Mit Freunden habe ich mich die ersten Tage noch ein wenig schwierig getan. Ich habe immer nach Leuten geschaut, mit denen ich befreundet sein könnte und die mir sympathisch schienen. Ich habe mich denn immer zu Gruppen dazu gesetzt und einfach bei ihren Gesprächen mitgeredet. Nach ungefähr einer oder zwei Wochen hatte ich mich ganz gut mit einigen aus dem Volleyballteam angefreundet. Ich habe mich dann auch immer versucht mit ihnen zu verabreden, was sich als schwierig herausstellte, da viele neben der Schule auch arbeiteten und noch andere Pflichten hatten und deshalb nicht viel Zeit. Ich hatte daraufhin versucht mich immer langfristiger mit Australiern zu verabreden und das hat dann auch besser geklappt. Natürlich habe ich mich auch mit Freunden verabredet, die ich vom Flug aus Deutschland nach Australien kannte und die nicht zu weit weg wohnten.

Einige dieser Freunde wohnten in Noosa, das war ungefähr eine bis 1 ½ stündige Busfahrt bis dorthin, die sich lohnt. Noosa ist ein sehr schöner Ort mit einem riesigen Strand, tolle Läden und einem wunderbaren Nationalpark, in dem man, wenn man Glück hat, auch Koalas in freier Wildbahn sehen kann. Während meiner Zeit in Down Under hatten wir auch einige Ausflüge von der Schule aus, einer davon ging auch in den Noosa Nationalpark. Ein anderer Ausflug von der Schule, war eine fünftägige Reise nach Heron Island, einer Insel, die im südlichen Teil des Great Barrier Reefs liegt. Das war auf jeden Fall eines der schönsten Erlebnisse, die ich in den 6 Monaten Australien gemacht habe. Wir haben während der 5 Tage viele Ausflüge zum Schnorcheln gemacht. Es war einfach atemberaubend. Es peitschten die Wellen über den Ozean, aber wenn man den Kopf unter Wasser hielt, tauchte man in eine Welt ein, die friedlich und ruhig vor sich hin verweilte. Ich schwamm zusammen mit meinen Mitschülern an riesigen Korallenriffen vorbei, entdeckte die verschiedensten Fischarten, Stingrays, Manta Rays und kleine Riff Haie. Es war der Wahnsinn.

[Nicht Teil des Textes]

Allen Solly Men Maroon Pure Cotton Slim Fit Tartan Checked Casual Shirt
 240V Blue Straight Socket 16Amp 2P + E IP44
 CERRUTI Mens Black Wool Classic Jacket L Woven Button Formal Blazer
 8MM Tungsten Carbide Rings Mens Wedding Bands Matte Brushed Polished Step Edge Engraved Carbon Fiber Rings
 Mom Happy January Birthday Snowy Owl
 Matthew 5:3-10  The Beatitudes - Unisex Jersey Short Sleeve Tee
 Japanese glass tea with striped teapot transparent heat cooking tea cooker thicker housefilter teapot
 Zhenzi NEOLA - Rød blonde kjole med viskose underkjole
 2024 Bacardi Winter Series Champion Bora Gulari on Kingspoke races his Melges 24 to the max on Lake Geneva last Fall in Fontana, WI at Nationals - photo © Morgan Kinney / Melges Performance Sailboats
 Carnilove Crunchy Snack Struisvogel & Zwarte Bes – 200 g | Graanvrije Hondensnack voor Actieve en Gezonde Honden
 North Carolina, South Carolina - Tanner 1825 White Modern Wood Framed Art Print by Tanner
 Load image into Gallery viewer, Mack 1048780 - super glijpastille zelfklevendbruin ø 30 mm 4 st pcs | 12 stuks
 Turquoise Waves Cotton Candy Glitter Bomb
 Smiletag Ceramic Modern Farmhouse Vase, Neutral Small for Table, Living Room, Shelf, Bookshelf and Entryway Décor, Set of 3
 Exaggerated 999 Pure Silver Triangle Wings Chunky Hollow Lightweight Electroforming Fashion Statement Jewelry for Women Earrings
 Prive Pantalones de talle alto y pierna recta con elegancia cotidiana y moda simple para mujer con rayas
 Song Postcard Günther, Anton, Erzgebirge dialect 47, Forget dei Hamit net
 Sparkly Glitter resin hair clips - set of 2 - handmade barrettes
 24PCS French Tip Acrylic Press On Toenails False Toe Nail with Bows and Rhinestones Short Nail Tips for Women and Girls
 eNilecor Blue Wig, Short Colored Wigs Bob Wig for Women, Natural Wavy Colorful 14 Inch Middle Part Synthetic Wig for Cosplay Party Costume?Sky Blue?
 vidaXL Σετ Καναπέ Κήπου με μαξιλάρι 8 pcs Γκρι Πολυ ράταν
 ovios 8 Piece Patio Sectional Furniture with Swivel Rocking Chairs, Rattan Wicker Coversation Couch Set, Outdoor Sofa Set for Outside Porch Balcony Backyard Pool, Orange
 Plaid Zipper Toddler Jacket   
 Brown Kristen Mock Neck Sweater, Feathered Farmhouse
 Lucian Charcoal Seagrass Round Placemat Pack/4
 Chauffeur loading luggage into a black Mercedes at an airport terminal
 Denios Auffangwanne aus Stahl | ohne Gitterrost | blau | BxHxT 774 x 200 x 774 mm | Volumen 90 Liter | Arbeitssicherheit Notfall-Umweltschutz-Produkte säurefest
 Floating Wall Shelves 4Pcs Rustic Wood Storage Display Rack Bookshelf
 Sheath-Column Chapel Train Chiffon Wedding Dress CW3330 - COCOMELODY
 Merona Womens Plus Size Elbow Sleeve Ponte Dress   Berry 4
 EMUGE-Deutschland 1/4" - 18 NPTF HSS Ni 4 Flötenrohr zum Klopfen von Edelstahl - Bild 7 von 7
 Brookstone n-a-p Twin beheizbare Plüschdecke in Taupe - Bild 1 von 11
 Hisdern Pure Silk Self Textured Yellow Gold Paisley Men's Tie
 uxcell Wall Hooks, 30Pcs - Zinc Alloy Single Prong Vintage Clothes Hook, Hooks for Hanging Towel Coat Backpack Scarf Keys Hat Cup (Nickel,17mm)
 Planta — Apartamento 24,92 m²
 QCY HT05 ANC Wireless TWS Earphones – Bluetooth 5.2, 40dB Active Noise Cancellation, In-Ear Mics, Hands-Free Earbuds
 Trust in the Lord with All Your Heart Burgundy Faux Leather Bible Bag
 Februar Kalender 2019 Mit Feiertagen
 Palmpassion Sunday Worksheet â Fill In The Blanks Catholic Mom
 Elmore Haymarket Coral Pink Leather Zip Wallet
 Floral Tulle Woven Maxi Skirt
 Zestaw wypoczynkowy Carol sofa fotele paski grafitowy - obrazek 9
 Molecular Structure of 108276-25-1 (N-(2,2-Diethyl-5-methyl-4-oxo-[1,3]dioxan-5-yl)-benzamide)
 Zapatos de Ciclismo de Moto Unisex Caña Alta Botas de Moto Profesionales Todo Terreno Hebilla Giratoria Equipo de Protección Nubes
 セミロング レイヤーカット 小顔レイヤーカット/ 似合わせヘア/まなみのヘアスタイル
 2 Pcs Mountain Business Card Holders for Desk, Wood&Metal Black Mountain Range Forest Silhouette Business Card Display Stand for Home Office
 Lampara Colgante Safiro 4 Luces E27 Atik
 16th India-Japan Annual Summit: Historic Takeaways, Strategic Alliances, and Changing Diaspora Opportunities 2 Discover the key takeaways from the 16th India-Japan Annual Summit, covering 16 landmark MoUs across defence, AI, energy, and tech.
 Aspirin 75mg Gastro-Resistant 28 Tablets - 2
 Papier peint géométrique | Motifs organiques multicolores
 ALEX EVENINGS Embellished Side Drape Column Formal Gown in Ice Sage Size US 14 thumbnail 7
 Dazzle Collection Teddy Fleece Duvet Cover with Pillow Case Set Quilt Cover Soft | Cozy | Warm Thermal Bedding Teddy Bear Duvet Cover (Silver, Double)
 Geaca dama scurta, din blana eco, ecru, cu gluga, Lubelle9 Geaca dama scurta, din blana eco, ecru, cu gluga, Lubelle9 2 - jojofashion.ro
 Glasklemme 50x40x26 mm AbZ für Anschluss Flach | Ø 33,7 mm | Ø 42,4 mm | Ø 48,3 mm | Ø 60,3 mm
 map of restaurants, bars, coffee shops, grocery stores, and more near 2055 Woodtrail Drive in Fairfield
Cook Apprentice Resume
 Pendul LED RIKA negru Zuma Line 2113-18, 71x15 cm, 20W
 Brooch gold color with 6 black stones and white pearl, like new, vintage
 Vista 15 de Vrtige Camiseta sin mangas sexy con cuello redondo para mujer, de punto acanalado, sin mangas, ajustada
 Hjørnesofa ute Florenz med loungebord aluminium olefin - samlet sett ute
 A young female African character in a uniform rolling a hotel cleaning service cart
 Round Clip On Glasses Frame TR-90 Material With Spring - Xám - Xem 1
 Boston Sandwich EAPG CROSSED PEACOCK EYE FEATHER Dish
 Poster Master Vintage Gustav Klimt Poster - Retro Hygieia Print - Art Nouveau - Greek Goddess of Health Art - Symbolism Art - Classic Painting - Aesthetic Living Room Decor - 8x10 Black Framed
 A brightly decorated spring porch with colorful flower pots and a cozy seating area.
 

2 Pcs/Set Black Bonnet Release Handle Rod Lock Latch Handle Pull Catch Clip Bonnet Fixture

Ich habe das halbe Jahr in Australien sehr genossen und hätte eigentlich noch länger bleiben können, denn 6 Monate gehen einfach viel zu schnell vorbei, wenn man in ein neues Leben eintaucht. Ich habe in meiner Zeit neue Freundschaften geschlossen und eine neue Familie kennengelernt, die zu meiner zweiten Familie geworden ist. In den 6 Monaten gab es natürlich nicht immer nur schöne Tage, an einigen Tagen, habe ich mein Leben in Deutschland sehr vermisst. Im Nachhinein fand ich es sehr wichtig, auch diese Tage zu haben, denn aus denen konnte man lernen, wachsen und sich neue Perspektiven aneignen. Ich habe so vieles gelernt und erlebt, ich bin sehr froh und dankbar dieses Austauschhalbjahr gemacht zu haben.